Crawled caption data:
+-------+
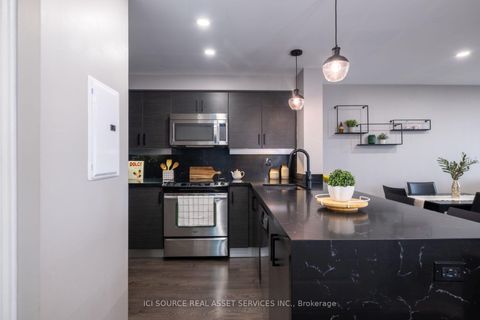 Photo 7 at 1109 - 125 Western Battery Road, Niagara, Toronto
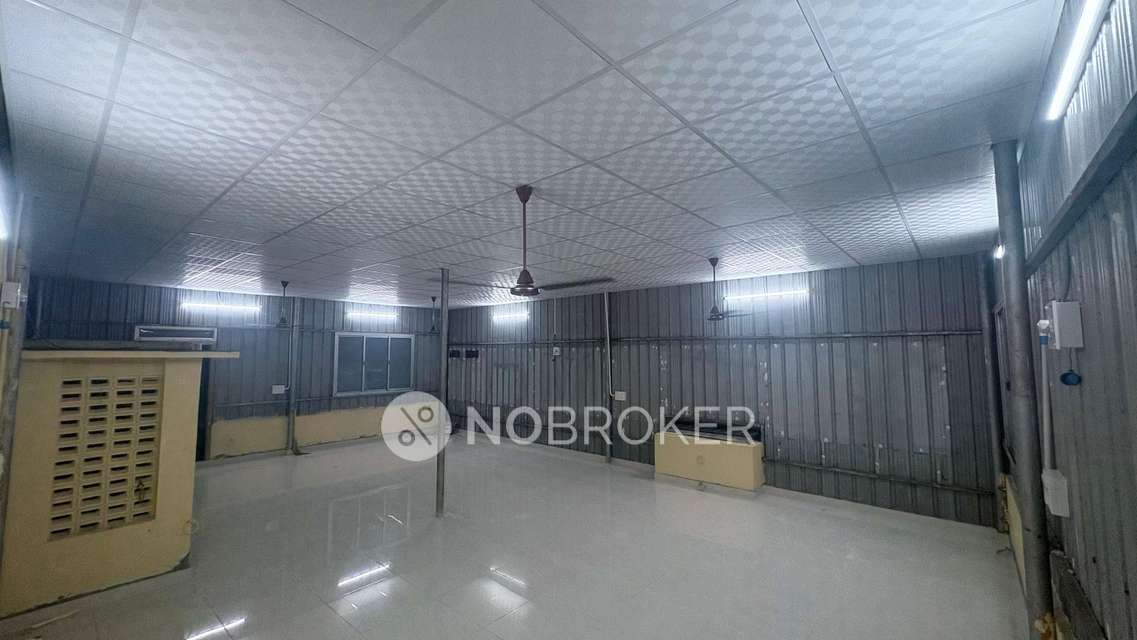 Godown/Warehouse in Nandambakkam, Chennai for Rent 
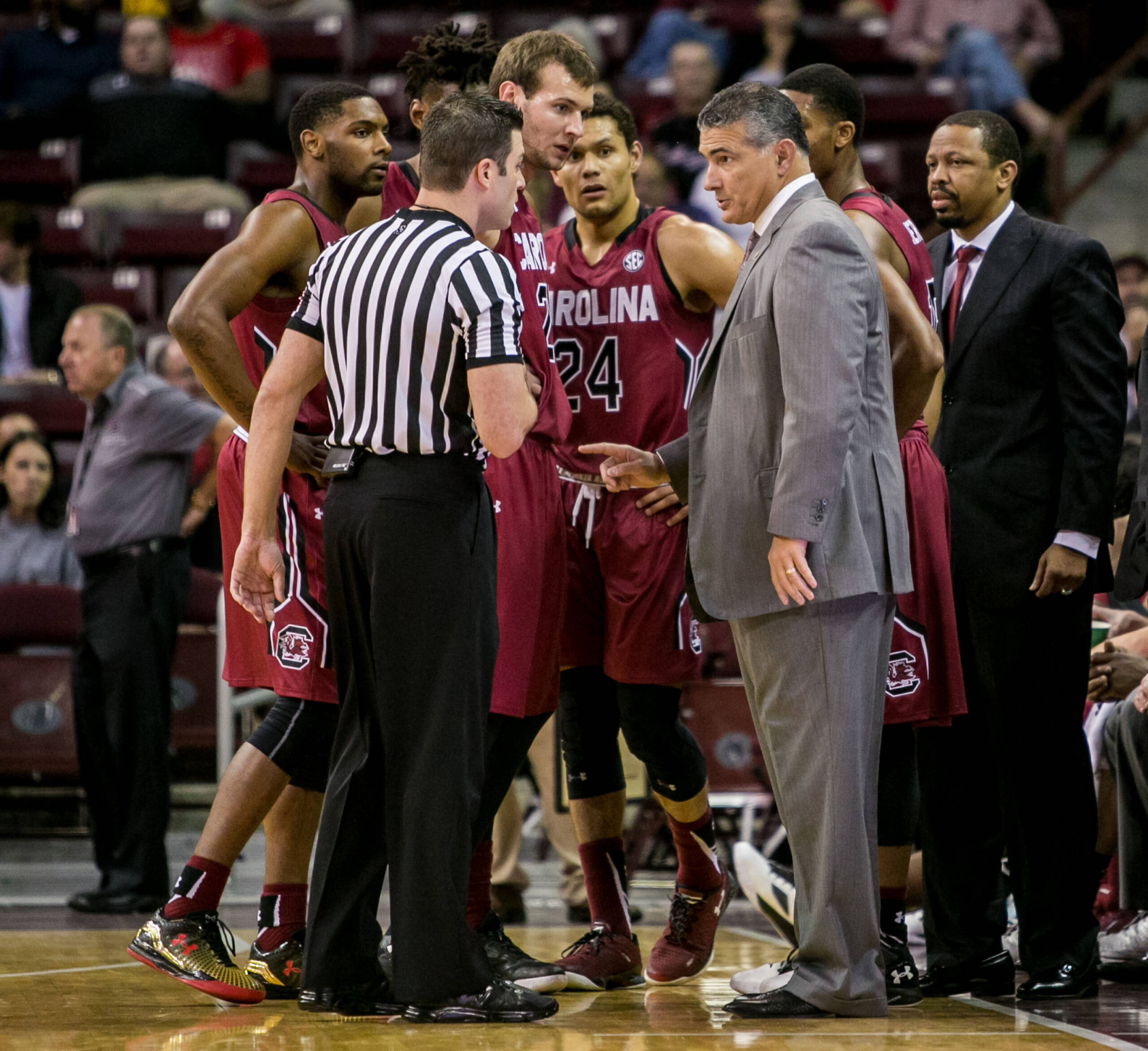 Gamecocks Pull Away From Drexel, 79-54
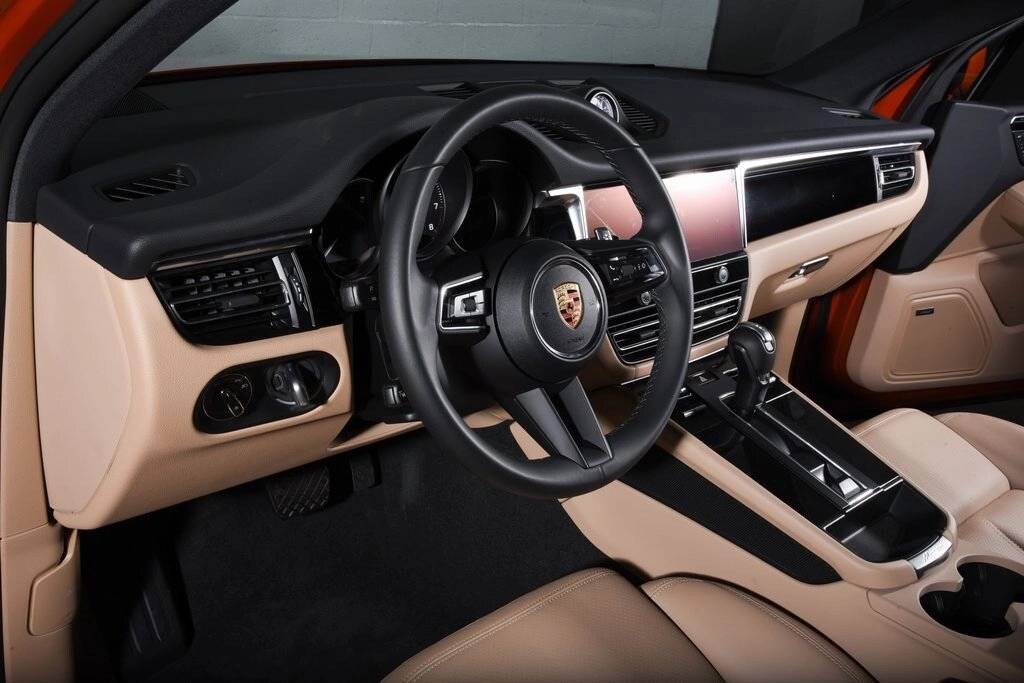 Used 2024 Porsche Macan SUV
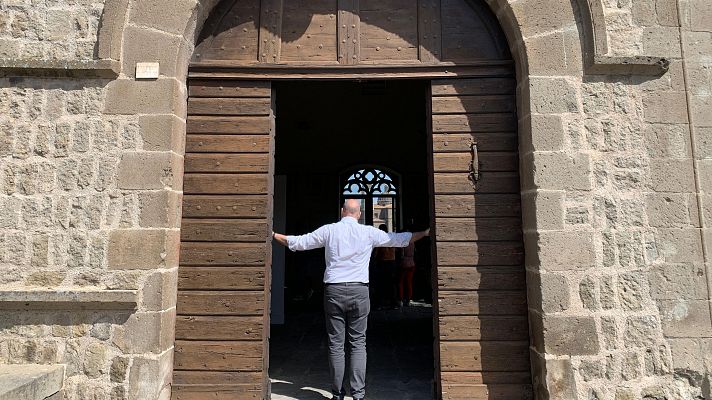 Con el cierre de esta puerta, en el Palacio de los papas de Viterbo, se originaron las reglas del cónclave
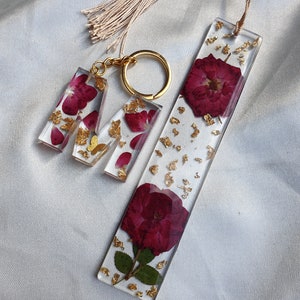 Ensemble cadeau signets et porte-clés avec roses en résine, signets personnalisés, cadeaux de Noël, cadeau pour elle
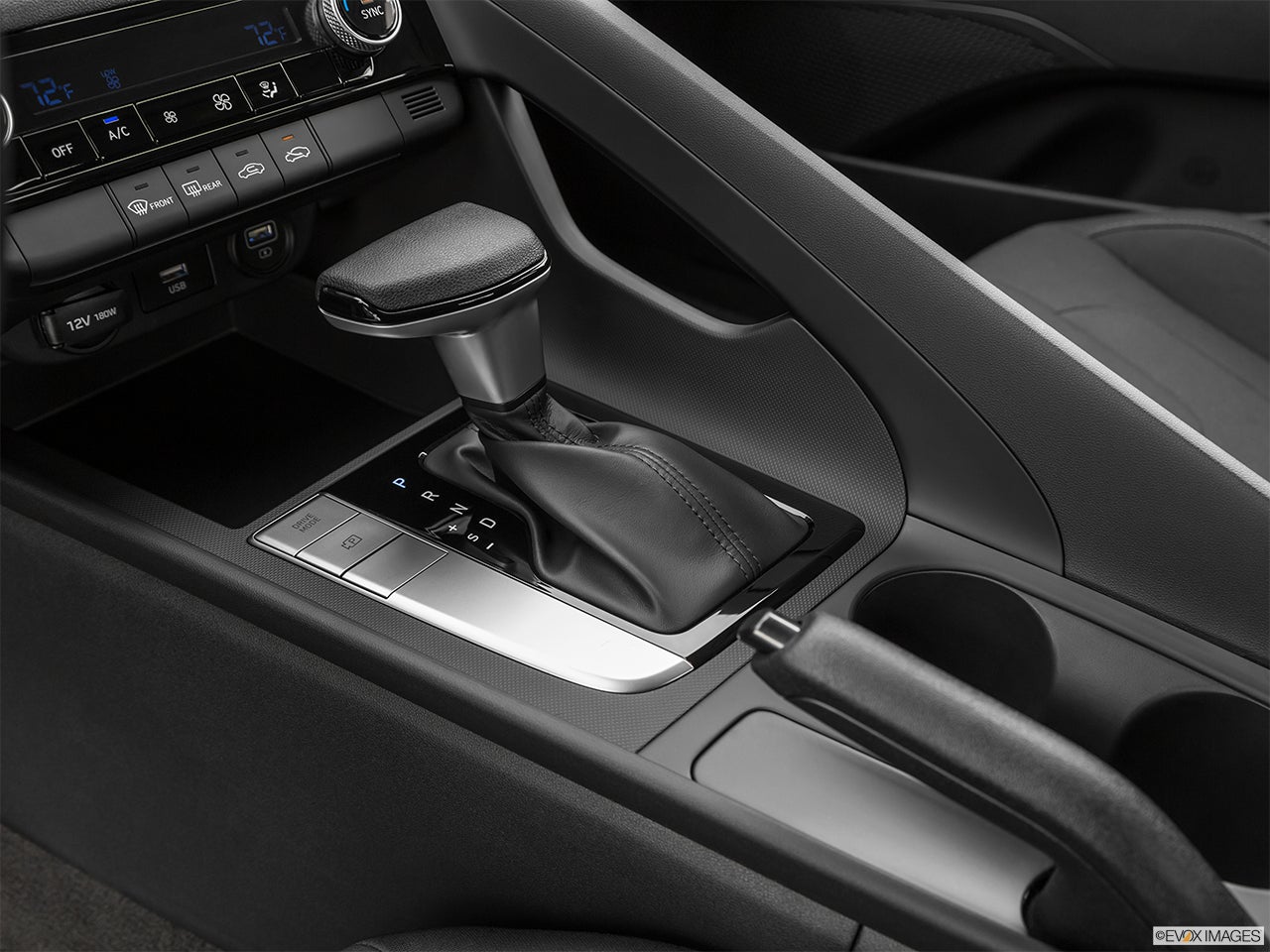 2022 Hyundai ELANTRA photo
+-------+
To do » Working from the records above, reproduce exactly the lines from the one with "Gamecocks Pull Away From Drexel, 79-54" through the last line, without the pictures.

Response box »
 Gamecocks Pull Away From Drexel, 79-54
 Used 2024 Porsche Macan SUV
 Con el cierre de esta puerta, en el Palacio de los papas de Viterbo, se originaron las reglas del cónclave
 Ensemble cadeau signets et porte-clés avec roses en résine, signets personnalisés, cadeaux de Noël, cadeau pour elle
 2022 Hyundai ELANTRA photo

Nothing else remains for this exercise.